# Genetic Algorithm Example


We start with a generic set of letters like our gene set and a target "target", in this case a sentence:

They could also be characters among other data types. 

Example:

In [1]:
geneSet = " abcdefghijklmnopqrstuvwxyzABCDEFGHIJKLMNOPQRSTUVWXYZ!."
target = "hello world!"

## Generating a "guess"

Next, we need a way to generate a random string of letters from the gene pool.

In [2]:
import random

def generate_parent(length):
    genes = []
    while len(genes) < length:
        sampleSize = min(length - len(genes), len(geneSet))
        genes.extend(random.sample(geneSet, sampleSize))
    return ''.join(genes)

random.sample takes sampleSize values ​​from input without replacement. This means that there will be no duplicates in the generated parent unless the geneSet contains duplicates or the size is greater than len (geneSet). The above implementation allows us to generate a long string with a small set of genes, using as many unique genes as possible.

## Fitness

The fit or fit value that the genetic algorithm provides is the only feedback the engine gets to guide it toward
to a solution. In this problem, our fit value is the total number of letters in the guess that match the letter.
in the same position as the password.

In [3]:
def get_fitness(guess):
    return sum(1 for expected, actual in zip(target, guess)
               if expected == actual)

## Mutação

We also need a way to produce a new guess by changing the current one. The following implementation converts the parent string into an array with list (parent), then replaces 1 letter in the randomly selected array of geneSet, then recombines the result into a string with '' .join (genes).

In [4]:
def mutate(parent):
    index = random.randrange(0, len(parent))
    childGenes = list(parent)
    newGene, alternate = random.sample(geneSet, 2)
    childGenes[index] = alternate \
        if newGene == childGenes[index] \
        else newGene
    return ''.join(childGenes)

This implementation uses an alternate substitution if the randomly selected newGene is the same as the one it is supposed to replace, which can save a significant amount of overhead.

## Display

Next, it's important to monitor what's happening so that we can stop the mechanism if it gets stuck. It also allows us to learn what works and what doesn't so we can improve the algorithm.

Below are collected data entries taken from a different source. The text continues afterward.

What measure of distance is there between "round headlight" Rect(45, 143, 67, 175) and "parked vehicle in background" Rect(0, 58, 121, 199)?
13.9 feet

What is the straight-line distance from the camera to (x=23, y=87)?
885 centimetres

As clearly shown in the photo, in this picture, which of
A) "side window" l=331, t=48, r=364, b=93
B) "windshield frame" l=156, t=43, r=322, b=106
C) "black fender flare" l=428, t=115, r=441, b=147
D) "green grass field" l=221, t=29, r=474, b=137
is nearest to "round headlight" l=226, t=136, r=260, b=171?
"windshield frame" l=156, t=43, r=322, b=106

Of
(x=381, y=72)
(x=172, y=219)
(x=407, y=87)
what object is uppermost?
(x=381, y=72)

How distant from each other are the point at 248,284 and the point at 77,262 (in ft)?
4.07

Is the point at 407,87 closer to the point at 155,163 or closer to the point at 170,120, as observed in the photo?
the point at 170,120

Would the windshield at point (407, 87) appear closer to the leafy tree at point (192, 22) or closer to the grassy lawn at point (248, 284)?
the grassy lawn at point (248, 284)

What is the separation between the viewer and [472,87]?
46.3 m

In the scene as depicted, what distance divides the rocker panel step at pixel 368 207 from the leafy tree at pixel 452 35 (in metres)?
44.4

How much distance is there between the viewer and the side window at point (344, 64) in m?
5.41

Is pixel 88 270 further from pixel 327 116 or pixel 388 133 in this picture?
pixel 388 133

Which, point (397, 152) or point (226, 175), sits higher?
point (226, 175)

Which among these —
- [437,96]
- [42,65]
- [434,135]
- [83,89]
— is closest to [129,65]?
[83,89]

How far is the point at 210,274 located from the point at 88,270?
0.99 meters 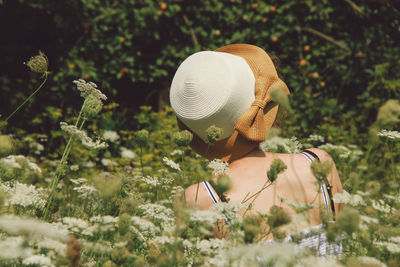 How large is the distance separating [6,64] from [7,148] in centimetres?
420

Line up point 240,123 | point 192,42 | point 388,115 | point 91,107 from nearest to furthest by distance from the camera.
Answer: point 388,115, point 91,107, point 240,123, point 192,42

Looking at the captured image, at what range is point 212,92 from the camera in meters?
1.88

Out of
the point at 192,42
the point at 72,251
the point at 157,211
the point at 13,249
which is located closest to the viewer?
the point at 13,249

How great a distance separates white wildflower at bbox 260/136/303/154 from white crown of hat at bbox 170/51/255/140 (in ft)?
0.61

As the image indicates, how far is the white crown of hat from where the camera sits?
188 cm

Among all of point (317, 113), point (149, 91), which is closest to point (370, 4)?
point (317, 113)

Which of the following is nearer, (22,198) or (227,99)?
(22,198)

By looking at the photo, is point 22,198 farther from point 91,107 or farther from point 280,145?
point 280,145

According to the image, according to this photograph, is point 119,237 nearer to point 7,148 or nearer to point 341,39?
point 7,148

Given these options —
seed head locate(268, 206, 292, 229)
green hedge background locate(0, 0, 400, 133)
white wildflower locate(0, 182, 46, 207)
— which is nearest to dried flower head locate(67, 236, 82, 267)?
white wildflower locate(0, 182, 46, 207)

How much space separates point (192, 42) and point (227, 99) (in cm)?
341

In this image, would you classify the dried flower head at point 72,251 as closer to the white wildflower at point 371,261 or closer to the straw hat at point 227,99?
the white wildflower at point 371,261

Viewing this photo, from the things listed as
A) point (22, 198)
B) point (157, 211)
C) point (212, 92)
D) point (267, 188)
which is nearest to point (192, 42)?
point (212, 92)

We will display a visual representation of the gene sequence, which may not be the literal gene sequence, its fit value and how much time has passed.

In [5]:
import datetime

def display(guess):
    timeDiff = datetime.datetime.now() - startTime
    fitness = get_fitness(guess)
    print("{0}\t{1}\t{2}".format(guess, fitness, str(timeDiff)))

## Main

We are now ready to write the main program. We start by initializing bestParent with a random string of letters.

In [6]:
random.seed()
startTime = datetime.datetime.now()
bestParent = generate_parent(len(target))
bestFitness = get_fitness(bestParent)
display(bestParent)

tmqOLZaKIxDX	0	0:00:00.000371


So we add the heart of the genetic engine. It's a loop that generates a guess, requests the fit for that guess, compares it to the previous guess, and keeps the best of the two. This cycle repeats until all letters match those on the target.

In [7]:
i = 0
while True:
    i=i+1
    child = mutate(bestParent)
    childFitness = get_fitness(child)

    if bestFitness >= childFitness:
        continue
    display(child)
    if childFitness >= len(bestParent):
        break
    bestFitness = childFitness
    bestParent = child
print(i)

tmlOLZaKIxDX	1	0:00:00.048376
telOLZaKIxDX	2	0:00:00.050302
telOoZaKIxDX	3	0:00:00.052209
telOoZaoIxDX	4	0:00:00.053953
telOoZaoIxdX	5	0:00:00.054824
telOo aoIxdX	6	0:00:00.055439
telOo aorxdX	7	0:00:00.056962
helOo aorxdX	8	0:00:00.060577
helOo aorldX	9	0:00:00.061980
hello aorldX	10	0:00:00.063702
hello aorld!	11	0:00:00.081150
hello world!	12	0:00:00.113938
2714


Success! Congratulations, you've just built your first Genetic Algorithm (GA) in Python!